This is a cool story, and sooo needed with computerized charting:

Electronic documentation has called attention to the need for standardization of nursing terminology and ways to capture nursing interventions.

“Nurses’ voice is a weak echo of the medical voice,” says Marilyn E. Parker, Ph.D., RN, FAAN, professor of nursing at the Florida Atlantic University (FAU) Christine E. Lynn College of Nursing in Boca Raton.

When Parker’s community nursing practice began shifting to an electronic record system, she realized there were places for nurses to record data, such as vital signs or medical symptoms, but no place for them to enter interactions and relationships with patients.

Parker, her colleagues and students are developing software to help nurses electronically document the caring aspects of what they do. She expects the FAU team will validate it this year.

“We want this software to show who is this person [the patient] as a person, not a gallbladder,” said Parker, adding that the software would incorporate what is important to the patient and his or her goals. She said software vendors and hospital nursing leaders have expressed interest in it.

“It’s finding a place for nursing’s voice to be heard,” Parker said. “I think we will be able to show the relationship between nursing caring and all that means and outcomes, because that’s how the money flows and people get paid.”

Carol J. Bickford, Ph.D., RN-BC, a policy fellow for the American Nurses Association (ANA) agreed, saying that vendors of electronic record systems focus on capturing data important for billing, reimbursement and mandated reporting.

“Nursing terminology has no dollars and cents attached and no mandated reporting,” Bickford said. “Part of the problem is nursing terminology is patient-centric—signs and symptoms we are attending to, what we are doing to attend to those. If we do it well, we make a difference, but no one pays anybody for that.”

Bickford said nurses have begun asking about how the work they do is captured electronically, so all providers can obtain a more complete picture of what is happening with the patient, but she acknowledges much opportunity exists for improvement.

There hasn’t been an appreciation of the contribution nurses make to the healthcare system,” Bickford said. “Describing what is going on with a person shouldn’t be determined by who is paying for what. You need a complete story, whether it is billable or not. It’s a mind shift we haven’t moved to.”

Giving everyone a better picture of what is happening with the patient is very important, agreed Pat Feehery, RN, BS, CRNI, CNLC, nursing informatics project manager at Sparrow Health System in Lansing, Michigan. She thinks technology will help standardize communication between disciplines, improve care and safety, and increase the amount of time nurses spend with patients.

Nurses, in collaboration with other professionals, helped build the electronic documentation system at Sparrow, based on evidence-based practice, and they customized some of the drop-down menus.

“It’s really important that everyone can look at the same picture,” Feehery said.
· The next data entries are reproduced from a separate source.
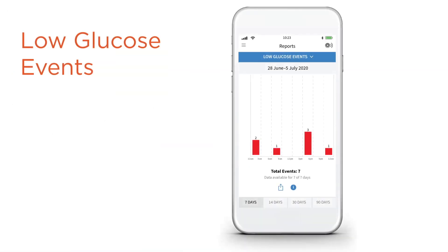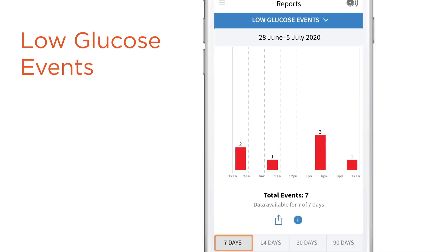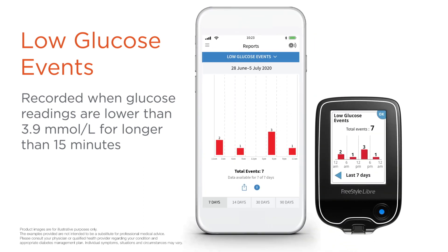The low glucose events report tells you when you've experienced a low glucose event. Let's look at the last seven days. The Freestyle Libre system will record a low glucose event when your glucose readings are lower than 3.9 for longer than 15 minutes. Your total number of low glucose events are displayed in the graph, and the bar graph tells you what time of day they're occurring.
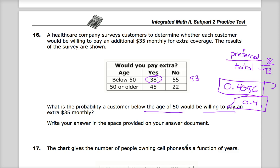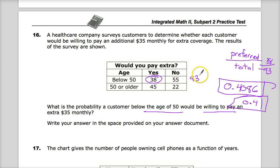Don't overthink the question, but also don't underthink it. It's not as simple as just circling the answer when you're given these charts. You have to analyze whether the charts are giving you values out of 100 to get your percentage. And if it is conditional — maybe they want to know the probability that the customer is both below age 50 and willing to pay — then it's a more advanced problem. But in this case, you're good to go with just finding the part over the whole specifically for people below 50.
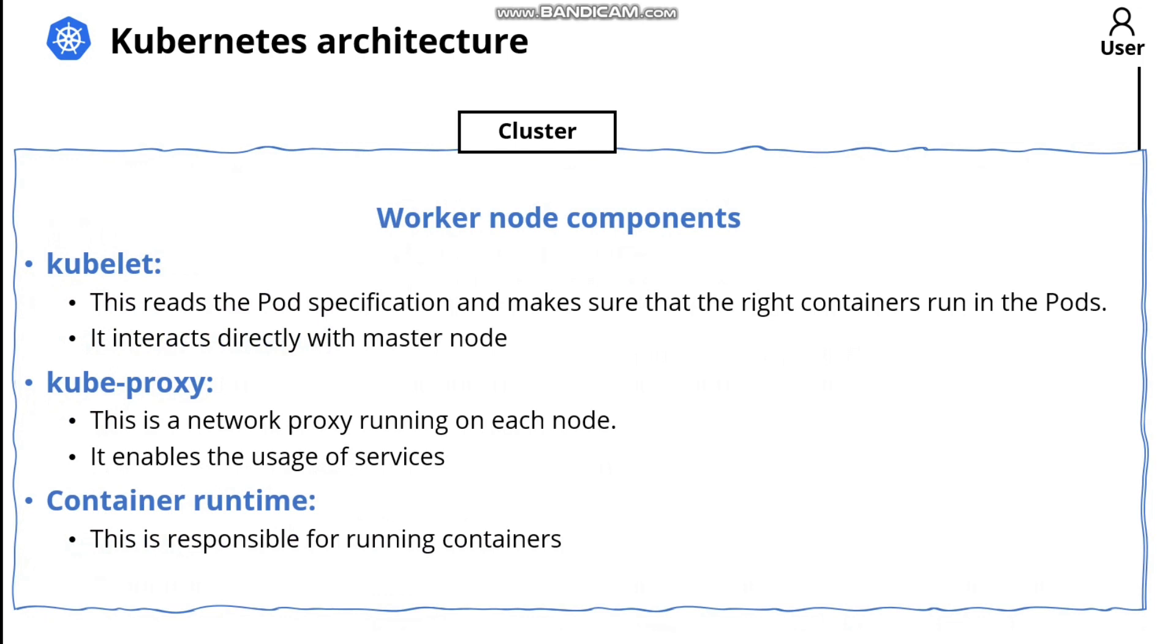So in this video, we have seen the master nodes and worker nodes and their components and their definitions. Hopefully in the next video, we are going to talk about the other components of Kubernetes. Thank you very much and see you in the next videos.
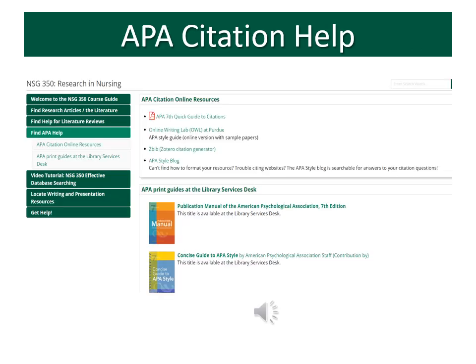Here you can see what the Find APA Help tab looks like on the Nursing 350 Guide. I highly recommend the Purdue Online Writing Lab because it gives all kinds of examples of citations and it also has sample papers so you can see what the entire paper should look like in APA style.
Pam Greene, Ph.D., RN, vice president of patient care services at The Menninger Clinic, a psychiatric center in Houston, Texas, also encouraged use of a standard language that all disciplines can understand to decrease risk of errors and improve communication.

The focus on quality outcomes necessitates a common language, so data extracted from different facilities reflects the same thing, added Nancy Brenan, RN, BSN, MBA, senior principal with the Noblis Center for Health Innovation in Washington, D.C.

“It will make nurses’ lives and work easier, if they have a standard language,” Brenan said. “And it will provide better care for the patients.”